** Opening DATA EXTRACTS block **

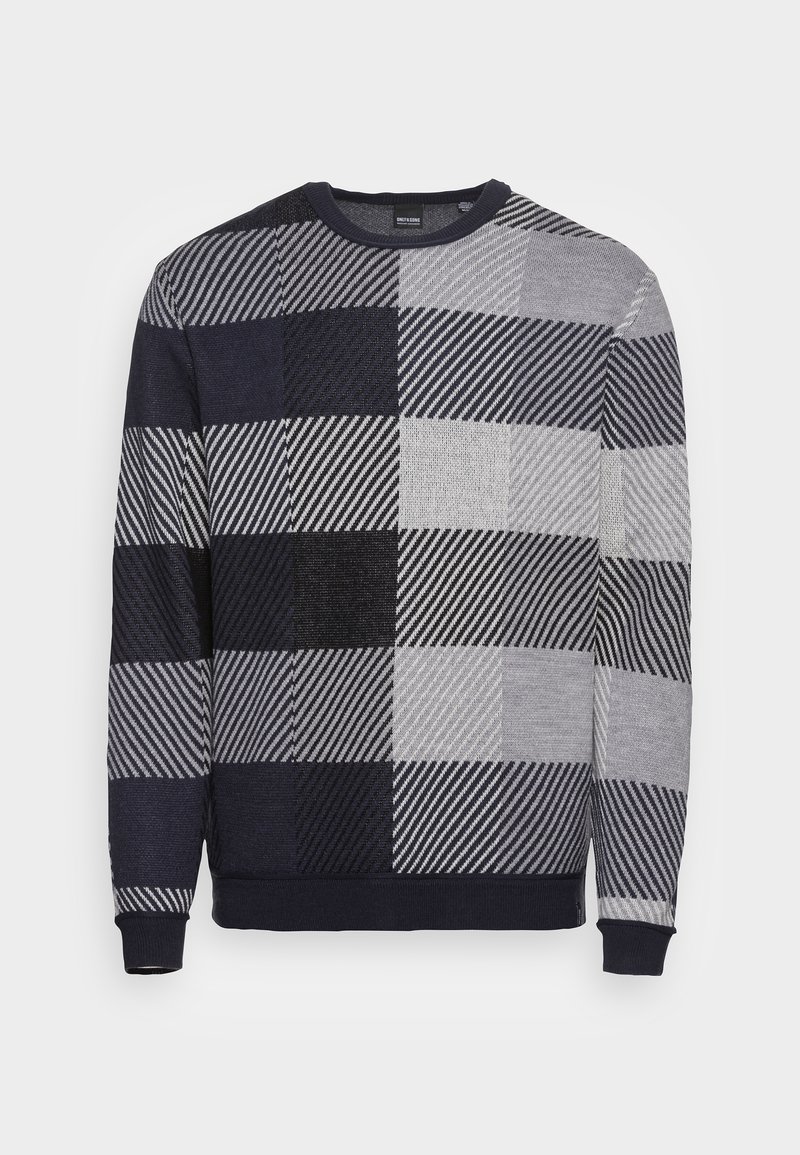 Pull ras-du-cou pour hommes avec un motif à carreaux noir, gris et blanc, présentant des rayures diagonales dans un design patchwork.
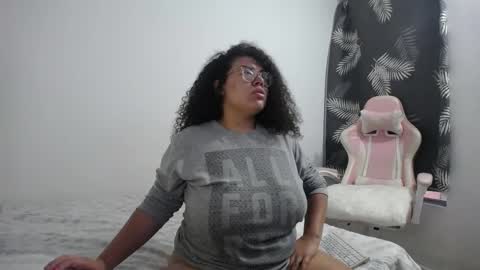 Bianca Tuesday to Sunday from 2am to 6am UTC-5 online show from 03.01.25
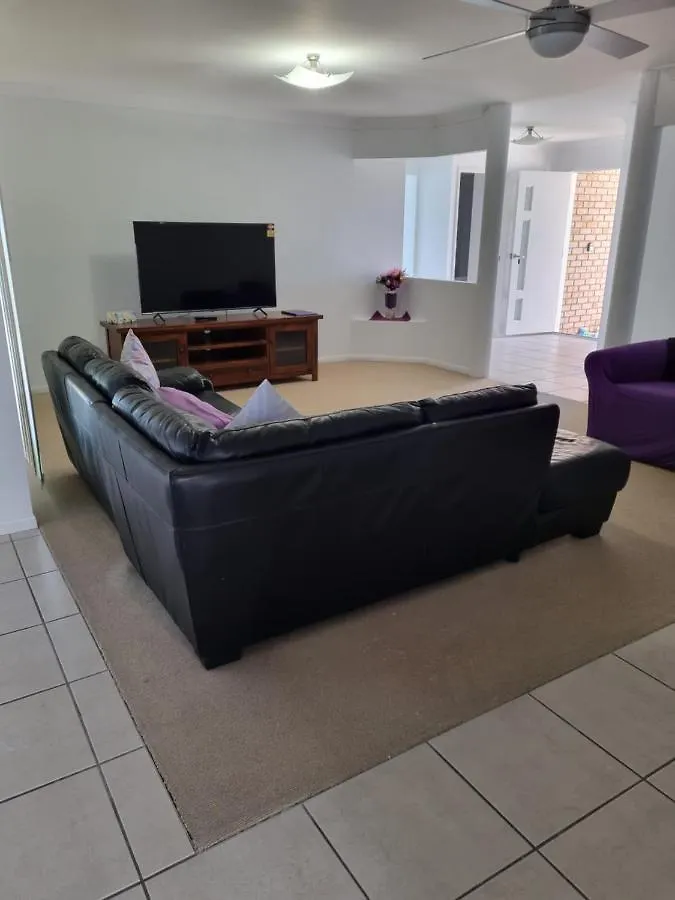 Blk Stays Guest House Deluxe Units Caboolture South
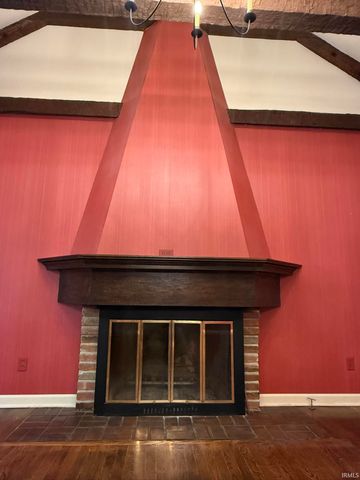 648 S Woodscrest Drive, Bloomington, IN 47401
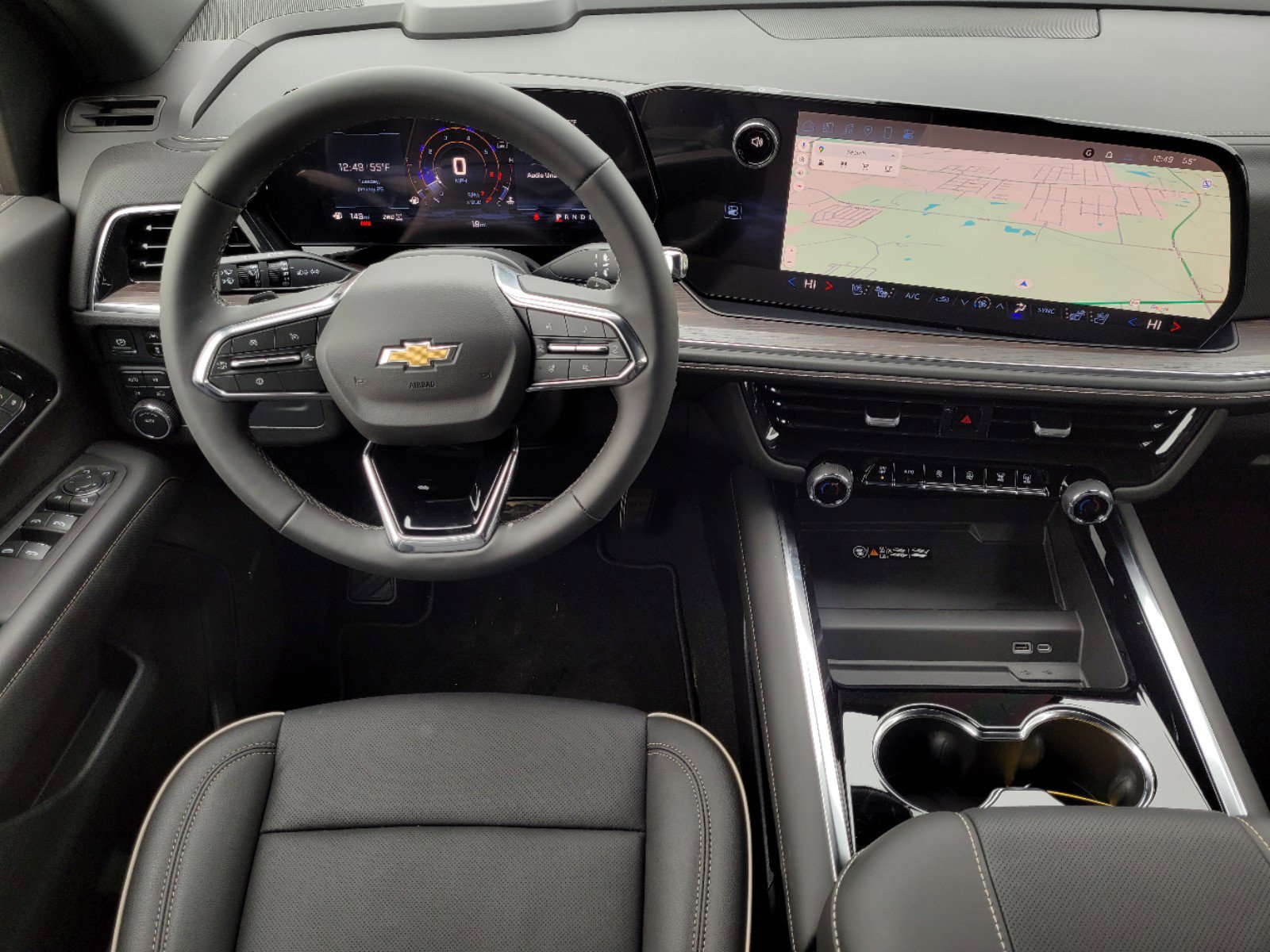 2025 Chevrolet Suburban Premier photo 12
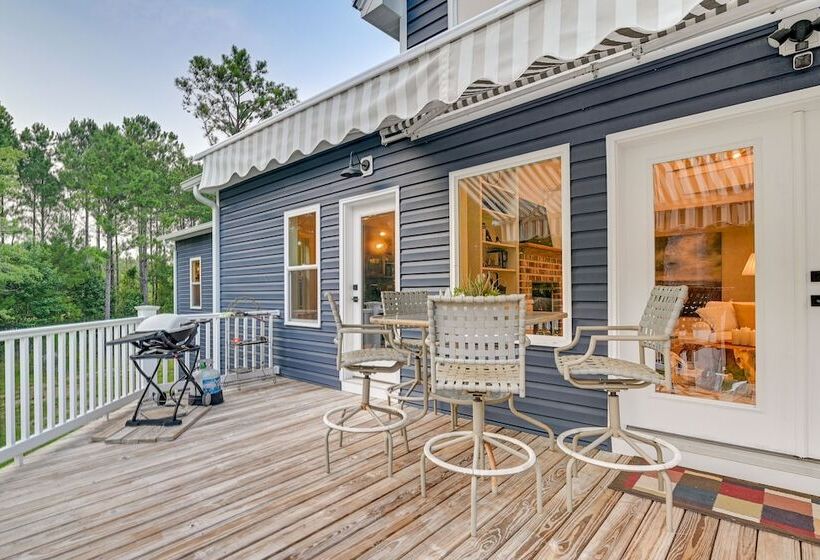 Expansive Georgetown Home W/ Decks & Fire Pit!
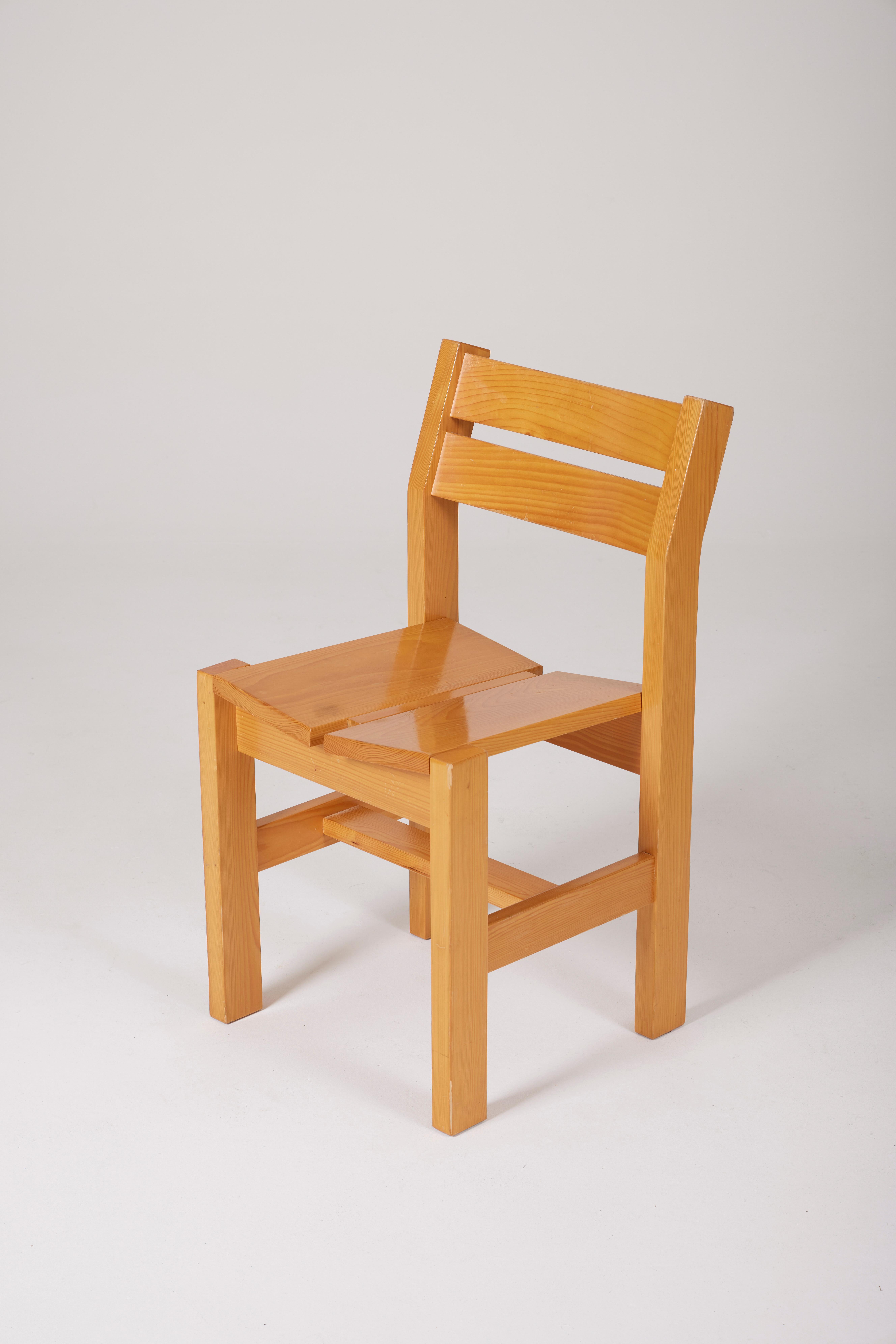 Set of 4 solid pine chairs in the style of Charlotte Perriand, 1960s. In very good condition.
LP1133
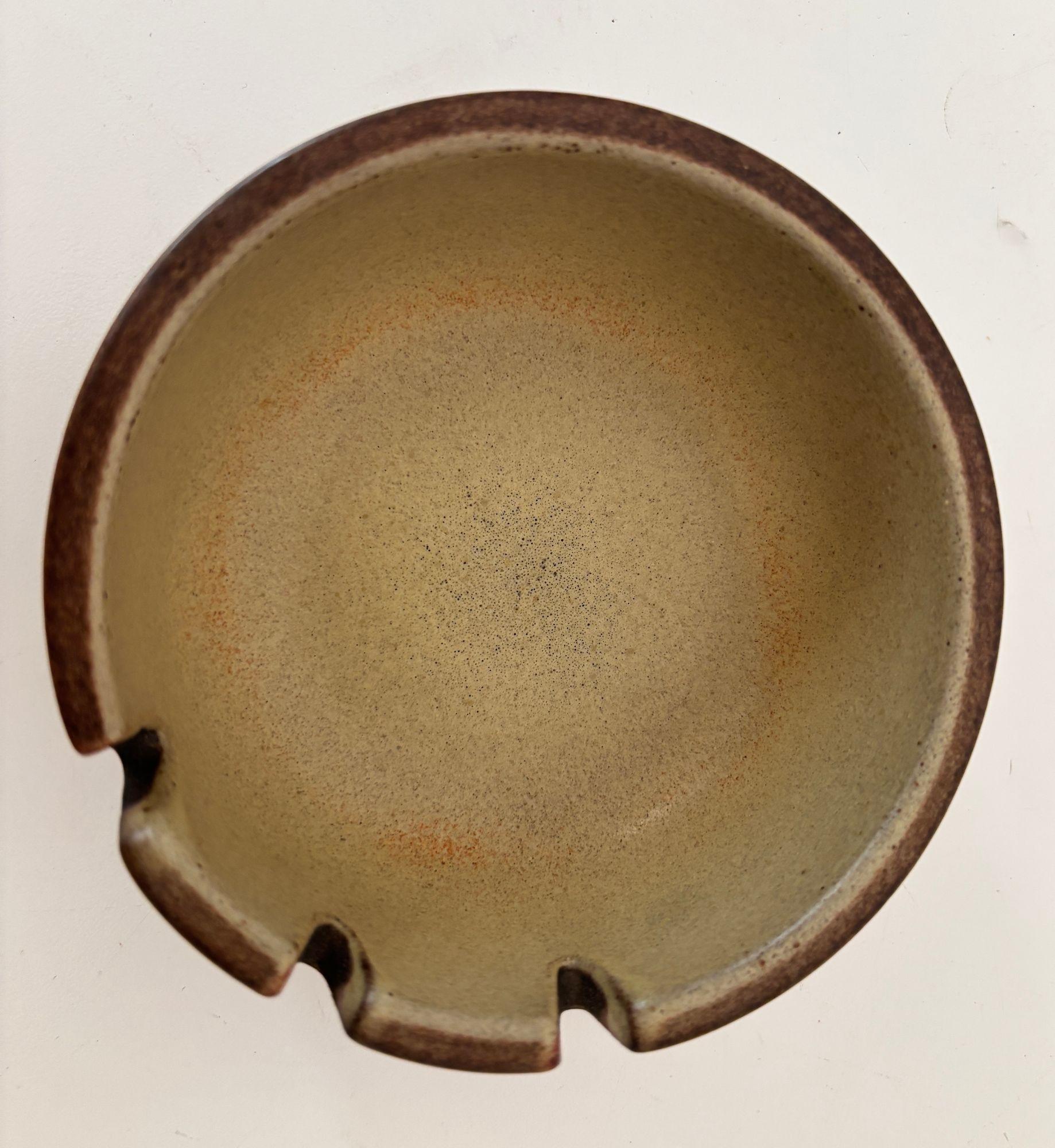 Moderner Keramik-Aschenbecher aus der Jahrhundertmitte von Edith Heath - braune Sandglasur, USA, ca. 1950-1953
Dieser seltene und sammelwürdige Keramik-Aschenbecher aus der Mitte des Jahrhunderts wurde von Edith Heath für Heath Ceramics entworfen,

** Closing DATA EXTRACTS block **

*PROBLEM TO SOLVE*
Print all of the entries word for word. Omit the pictures they contain.

*EXERCISE RESULT*
 Pull ras-du-cou pour hommes avec un motif à carreaux noir, gris et blanc, présentant des rayures diagonales dans un design patchwork.
 Bianca Tuesday to Sunday from 2am to 6am UTC-5 online show from 03.01.25
 Blk Stays Guest House Deluxe Units Caboolture South
 648 S Woodscrest Drive, Bloomington, IN 47401
 2025 Chevrolet Suburban Premier photo 12
 Expansive Georgetown Home W/ Decks & Fire Pit!
 Set of 4 solid pine chairs in the style of Charlotte Perriand, 1960s. In very good condition.
LP1133
 Moderner Keramik-Aschenbecher aus der Jahrhundertmitte von Edith Heath - braune Sandglasur, USA, ca. 1950-1953
Dieser seltene und sammelwürdige Keramik-Aschenbecher aus der Mitte des Jahrhunderts wurde von Edith Heath für Heath Ceramics entworfen,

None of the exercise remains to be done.